ACTIVITY: Write out the listing below without alteration, omitting its pictures.

DATASET EXCERPT:
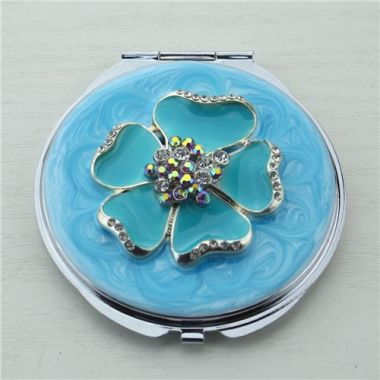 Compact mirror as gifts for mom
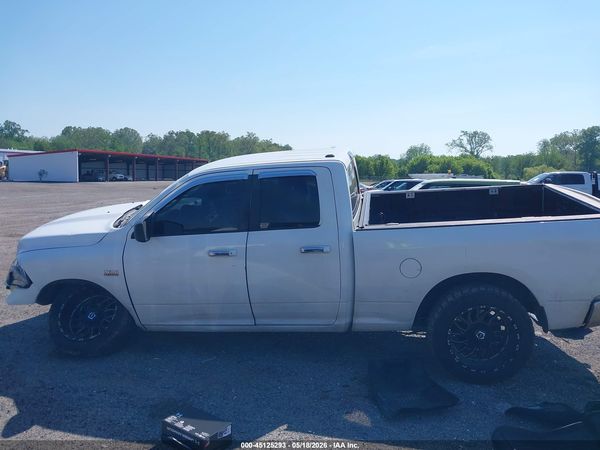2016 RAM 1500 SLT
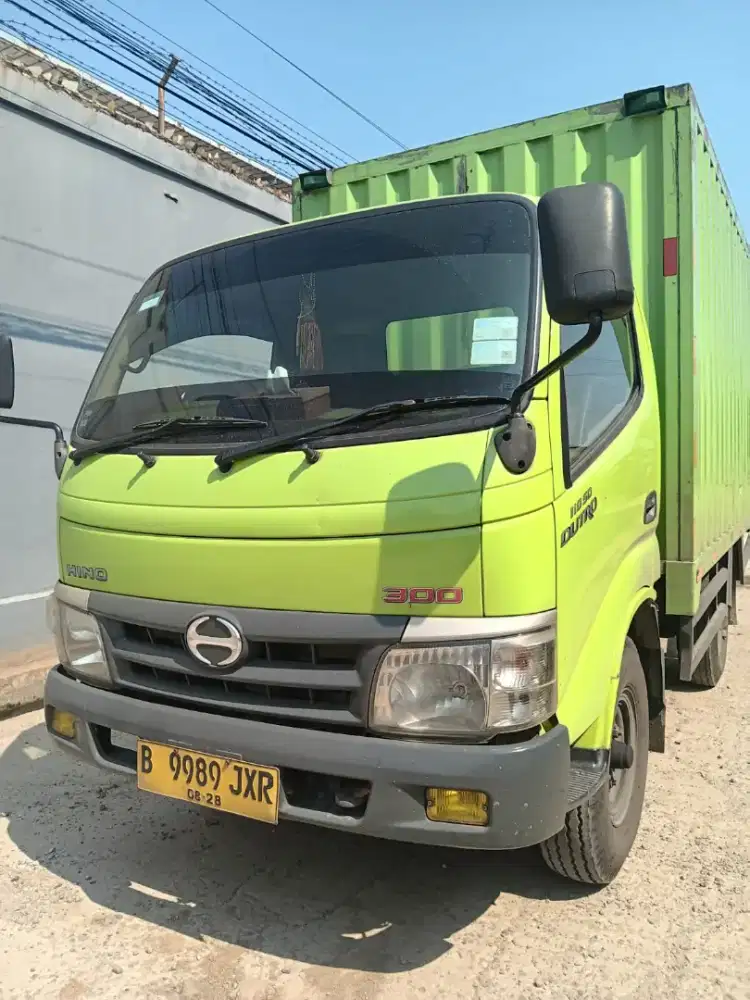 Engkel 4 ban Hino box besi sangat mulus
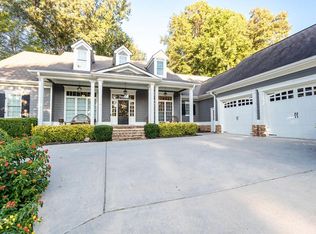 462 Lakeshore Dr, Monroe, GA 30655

ANSWER SPACE:
 Compact mirror as gifts for mom
2016 RAM 1500 SLT
 Engkel 4 ban Hino box besi sangat mulus
 462 Lakeshore Dr, Monroe, GA 30655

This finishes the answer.